• Source data:

# # # # # # #

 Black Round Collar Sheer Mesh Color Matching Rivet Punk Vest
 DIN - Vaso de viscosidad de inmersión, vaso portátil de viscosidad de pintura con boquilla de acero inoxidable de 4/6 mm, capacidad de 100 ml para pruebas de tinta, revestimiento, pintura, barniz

# # # # # # #

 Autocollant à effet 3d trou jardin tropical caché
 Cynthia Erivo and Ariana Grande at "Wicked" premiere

# # # # # # #

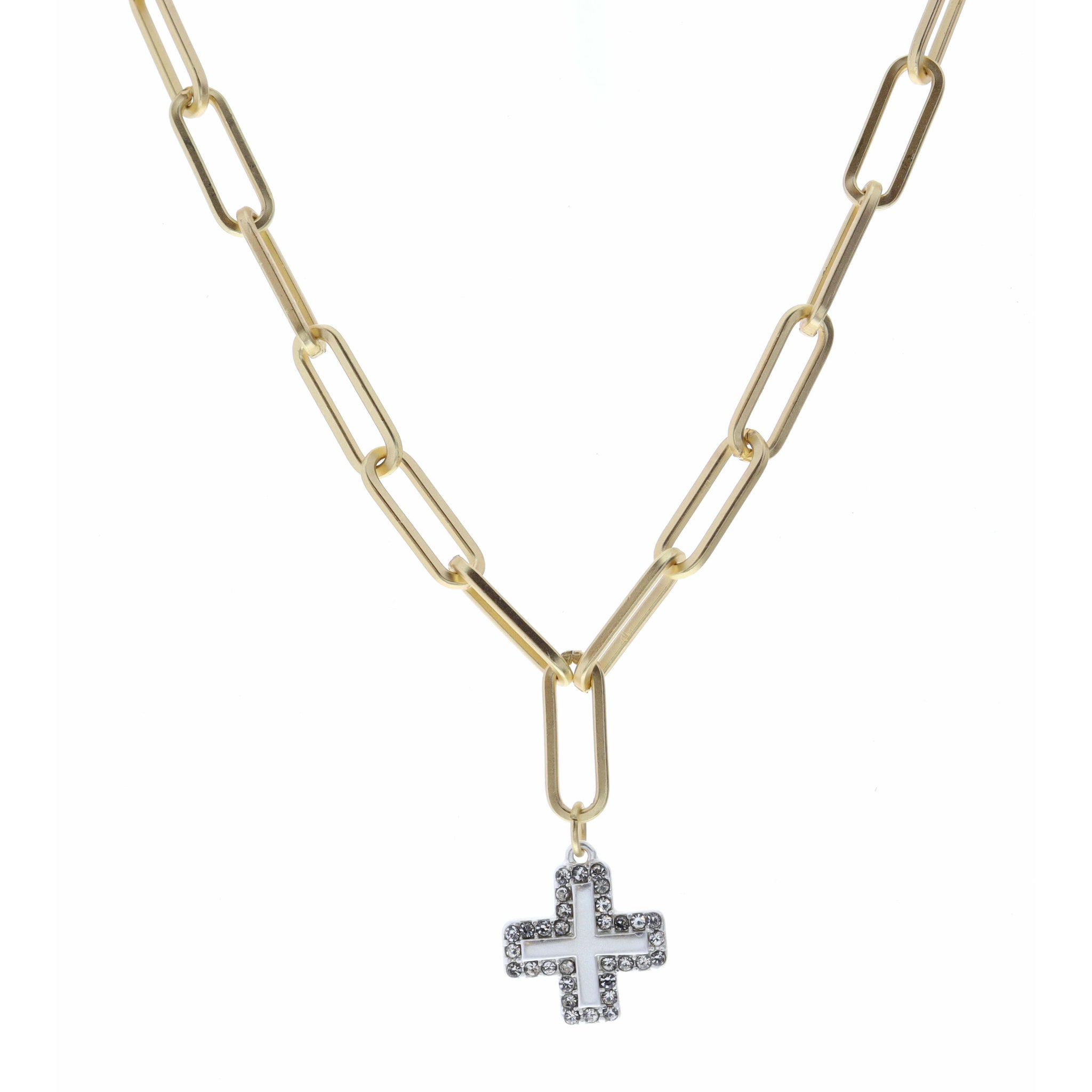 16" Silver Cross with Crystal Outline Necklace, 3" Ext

# # # # # # #

• Task description:
Transcribe the records above from the line holding "Black Round Collar" down to the line holding "DIN - Vaso de", inclusive, without adding anything.

• Output:
 Black Round Collar Sheer Mesh Color Matching Rivet Punk Vest
 DIN - Vaso de viscosidad de inmersión, vaso portátil de viscosidad de pintura con boquilla de acero inoxidable de 4/6 mm, capacidad de 100 ml para pruebas de tinta, revestimiento, pintura, barniz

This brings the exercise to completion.